Crawled caption data
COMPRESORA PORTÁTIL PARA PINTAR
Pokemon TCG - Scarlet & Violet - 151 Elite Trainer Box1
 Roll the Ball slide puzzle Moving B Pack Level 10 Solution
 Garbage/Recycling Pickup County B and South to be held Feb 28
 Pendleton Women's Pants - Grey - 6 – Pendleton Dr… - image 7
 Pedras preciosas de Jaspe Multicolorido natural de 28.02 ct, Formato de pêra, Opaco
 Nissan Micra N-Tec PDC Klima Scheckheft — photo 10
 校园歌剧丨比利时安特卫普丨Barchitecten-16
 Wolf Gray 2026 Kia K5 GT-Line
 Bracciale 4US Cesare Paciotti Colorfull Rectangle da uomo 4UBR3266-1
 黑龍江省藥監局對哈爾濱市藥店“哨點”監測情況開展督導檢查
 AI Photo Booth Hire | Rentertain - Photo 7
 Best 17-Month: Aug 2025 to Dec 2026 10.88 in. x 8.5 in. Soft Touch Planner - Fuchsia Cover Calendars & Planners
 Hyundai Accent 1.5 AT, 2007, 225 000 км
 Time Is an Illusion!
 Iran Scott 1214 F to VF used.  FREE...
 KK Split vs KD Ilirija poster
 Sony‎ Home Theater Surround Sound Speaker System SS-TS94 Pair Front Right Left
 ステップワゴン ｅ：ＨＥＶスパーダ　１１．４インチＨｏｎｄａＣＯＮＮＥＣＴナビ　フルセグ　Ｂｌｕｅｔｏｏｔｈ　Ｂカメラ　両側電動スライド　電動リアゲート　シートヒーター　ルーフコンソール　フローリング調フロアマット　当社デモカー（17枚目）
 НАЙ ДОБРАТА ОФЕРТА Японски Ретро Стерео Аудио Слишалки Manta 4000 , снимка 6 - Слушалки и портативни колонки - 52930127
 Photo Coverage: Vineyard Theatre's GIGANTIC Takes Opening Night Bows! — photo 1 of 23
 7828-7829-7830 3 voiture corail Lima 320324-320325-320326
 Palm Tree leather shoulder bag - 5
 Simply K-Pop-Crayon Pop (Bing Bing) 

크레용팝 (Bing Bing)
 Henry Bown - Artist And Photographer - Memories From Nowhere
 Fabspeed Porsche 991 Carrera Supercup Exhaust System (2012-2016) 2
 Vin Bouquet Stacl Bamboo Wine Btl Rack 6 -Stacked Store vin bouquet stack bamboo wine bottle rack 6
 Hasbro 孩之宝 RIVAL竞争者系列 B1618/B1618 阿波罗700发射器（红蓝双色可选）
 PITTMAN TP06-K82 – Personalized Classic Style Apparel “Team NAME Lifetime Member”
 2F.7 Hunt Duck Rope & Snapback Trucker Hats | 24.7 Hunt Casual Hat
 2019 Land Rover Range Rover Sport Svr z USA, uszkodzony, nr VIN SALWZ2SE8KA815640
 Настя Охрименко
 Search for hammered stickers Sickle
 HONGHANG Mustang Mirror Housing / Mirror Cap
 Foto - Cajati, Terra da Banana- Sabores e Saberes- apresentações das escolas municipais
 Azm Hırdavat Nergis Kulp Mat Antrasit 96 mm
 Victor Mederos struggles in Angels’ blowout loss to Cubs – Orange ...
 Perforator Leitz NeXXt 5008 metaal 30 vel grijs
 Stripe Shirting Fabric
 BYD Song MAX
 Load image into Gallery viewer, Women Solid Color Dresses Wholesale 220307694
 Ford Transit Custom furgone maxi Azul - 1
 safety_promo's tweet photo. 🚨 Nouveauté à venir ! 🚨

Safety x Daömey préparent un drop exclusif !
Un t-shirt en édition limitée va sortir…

> [PROBLEM]
How many of the lines above contain "image"? Give the number by itself.

> [PROBLEM SOLUTION]
2